1.2.4.18 Critique of pure cant

1          Soul Bound

1.2        Taking Control

1.2.4      An Artful Carnivale

1.2.4.18   Critique of pure cant

Tiers of wooden viewing galleries lined the buildings surrounding a rectangular grassy area large enough to fit soccer pitches with room to spare for the spectators. At the end to her left a large ring had been marked out with bales of hay, but the rest was composed of rows of stalls and tents, with some of the larger attractions backing onto the buildings themselves. Between the rows were boarded walkways and at the end to her right appeared to be a raised stage with space in front of it for an audience to watch or dance.

Bulgaria led them across the midway, which still had post holes from some ancient rail used to keep jousters from crashing their horses into each other, to the long side of the rectangle opposite the gap where they’d entered. It was less crowded here than by the entrance, and they started working their way along the stalls.

“Meet the famous bearded lady!”

“Be shocked yet edified by the finest display of stuffed monsters in the five cities. For just one osella piece you can see the mermaid!”

“Half man, half goat - win a game of chess against him and gain a golden Florin. Just ten ducato a go.”

“Not one chicken head, not two chicken heads, but before your very eyes I shall swallow three heads in under twenty seconds.”

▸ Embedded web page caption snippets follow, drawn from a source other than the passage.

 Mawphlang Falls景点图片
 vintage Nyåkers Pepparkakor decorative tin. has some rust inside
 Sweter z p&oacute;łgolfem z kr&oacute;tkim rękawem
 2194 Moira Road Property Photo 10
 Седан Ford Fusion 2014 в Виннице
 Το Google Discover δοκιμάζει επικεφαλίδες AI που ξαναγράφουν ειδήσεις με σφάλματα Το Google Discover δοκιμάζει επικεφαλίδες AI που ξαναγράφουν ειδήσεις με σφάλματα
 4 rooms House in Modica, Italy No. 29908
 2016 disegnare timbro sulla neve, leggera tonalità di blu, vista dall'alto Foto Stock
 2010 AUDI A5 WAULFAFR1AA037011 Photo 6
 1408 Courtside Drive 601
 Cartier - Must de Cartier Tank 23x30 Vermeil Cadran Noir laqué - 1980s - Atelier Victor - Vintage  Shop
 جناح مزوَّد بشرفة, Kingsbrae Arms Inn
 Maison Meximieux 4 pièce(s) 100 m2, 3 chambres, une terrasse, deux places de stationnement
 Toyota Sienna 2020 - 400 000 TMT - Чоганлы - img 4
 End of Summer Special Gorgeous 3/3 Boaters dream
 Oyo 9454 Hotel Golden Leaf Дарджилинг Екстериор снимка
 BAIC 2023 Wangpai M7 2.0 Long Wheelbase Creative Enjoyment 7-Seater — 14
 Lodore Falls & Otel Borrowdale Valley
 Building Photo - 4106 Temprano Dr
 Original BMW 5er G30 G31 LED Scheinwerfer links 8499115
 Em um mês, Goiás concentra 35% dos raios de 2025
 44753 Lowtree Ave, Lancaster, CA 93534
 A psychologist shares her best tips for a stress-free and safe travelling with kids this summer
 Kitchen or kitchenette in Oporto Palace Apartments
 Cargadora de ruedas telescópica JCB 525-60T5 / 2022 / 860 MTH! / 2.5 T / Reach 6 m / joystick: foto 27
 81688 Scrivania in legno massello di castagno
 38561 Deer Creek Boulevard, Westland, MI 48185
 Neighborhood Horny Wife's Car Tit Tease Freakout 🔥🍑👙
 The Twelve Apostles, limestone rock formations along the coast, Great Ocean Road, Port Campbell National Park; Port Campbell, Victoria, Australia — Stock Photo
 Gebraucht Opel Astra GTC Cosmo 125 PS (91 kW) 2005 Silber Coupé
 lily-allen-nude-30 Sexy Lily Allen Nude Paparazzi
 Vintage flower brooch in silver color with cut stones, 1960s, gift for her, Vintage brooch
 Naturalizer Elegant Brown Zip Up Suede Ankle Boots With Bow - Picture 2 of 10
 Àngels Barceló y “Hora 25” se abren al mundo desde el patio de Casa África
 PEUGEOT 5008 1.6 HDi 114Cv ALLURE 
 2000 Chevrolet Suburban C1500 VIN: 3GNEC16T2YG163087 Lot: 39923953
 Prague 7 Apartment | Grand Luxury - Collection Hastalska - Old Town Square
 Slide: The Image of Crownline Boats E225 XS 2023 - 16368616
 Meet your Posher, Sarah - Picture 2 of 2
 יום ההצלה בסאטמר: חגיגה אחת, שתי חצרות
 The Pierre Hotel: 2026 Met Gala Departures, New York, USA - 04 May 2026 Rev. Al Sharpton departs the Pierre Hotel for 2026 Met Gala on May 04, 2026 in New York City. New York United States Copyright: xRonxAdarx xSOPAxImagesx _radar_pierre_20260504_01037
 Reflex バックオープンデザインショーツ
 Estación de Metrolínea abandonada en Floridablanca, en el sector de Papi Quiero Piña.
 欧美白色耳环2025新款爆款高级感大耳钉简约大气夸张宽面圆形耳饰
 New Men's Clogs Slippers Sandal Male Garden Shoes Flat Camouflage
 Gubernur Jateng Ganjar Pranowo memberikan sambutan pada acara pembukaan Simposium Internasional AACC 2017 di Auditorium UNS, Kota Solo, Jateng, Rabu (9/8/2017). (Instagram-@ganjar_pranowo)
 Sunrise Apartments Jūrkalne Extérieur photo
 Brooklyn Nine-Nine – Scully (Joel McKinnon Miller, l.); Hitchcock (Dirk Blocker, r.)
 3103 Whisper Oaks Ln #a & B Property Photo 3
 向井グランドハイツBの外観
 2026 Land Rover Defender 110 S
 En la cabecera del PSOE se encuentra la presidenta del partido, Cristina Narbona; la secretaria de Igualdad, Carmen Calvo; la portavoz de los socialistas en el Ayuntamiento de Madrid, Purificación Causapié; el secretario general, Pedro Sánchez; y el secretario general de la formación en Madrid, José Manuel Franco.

Tomsk: “Ah, geeks and freaks. This takes me back.”

Kafana: “To school? That’s not very nice.”

Tomsk: {No, no. I dropped out of school early. This was later; before I was headhunted by Cirque du Soleil, I was part of the Russian NoFitState Circus. Freaks are performers where the attraction is that they are unusual, such as being extremely tall or having twelve fingers. Geeks are performers where the attraction is that what they do is unusual, to the point of appearing insane. A fire eater could be billed as a freak by claiming they have mutant fire-proof skin, as a geek by having them eat burning coals with relish, or as a normal performer by putting the emphasis upon their daring, skill and artistry. Just a matter of presentation, in many cases - whatever sells best in that location.}

Kafana: {So which were you?}

Tomsk: {I didn’t really have a home, so I was very keen to work. I tried everything, from wrestling displays to doing setup. They were an awesome bunch - anti-authoritarian punks who took the piss out of everything the state did. I’d been learning weapons at a local dojo, and they kept teaching me circus skills which I worked into a knife act, slowly improving it. By the end I was throwing knives at moving targets while apparently drunk and blindfolded, comically missing, then running up the stairway they’d formed by sticking into a wall which set them on fire because of the spilled vodka, revealing me to be wearing a costume from Chinese mythology under my drunkard’s disguise. After that the lighting changed, I’d fly through the air on a hidden wire, summon knives to my hands using elastic, juggle them swallow them, dance with the bobbing target always narrowly missing it, music would start and programmed LEDs in the handles would make these wonderful pre-programmed trails as the lights cut out when the target exploded. The whole thing turned into a narrative, with walking through fire as metaphor, and the target eventually being healed and forgiving me before I mysteriously went up in a blaze myself leaving me back in the drunkard's rags apparently asleep and dreaming.}

Kafana: {I don’t think I’ve ever heard you talk as much about anything. You really loved that life, didn’t you?}

Tomsk: {It had its downsides. Hard work, uncertain pay. Some pretty bitter people, who had nowhere else they felt safe or accepted. But hey, we should probably pick something we can talk out loud about, or Alderney is going to curse us for frustrating the viewers.}

They made their way slowly around the edge, listening to the patter of the men standing outside the bigger tents, watching the tactics used to manipulate the flow of crowds and persuade people to part with their money in order to enter. She started to notice similarities as Bulgaria pointed things out, and on a few occasions they stood still for five minutes, apparently eating snacks from a stall, while she used her new surveillance spell to listen into the operators talking to each other in their private cant.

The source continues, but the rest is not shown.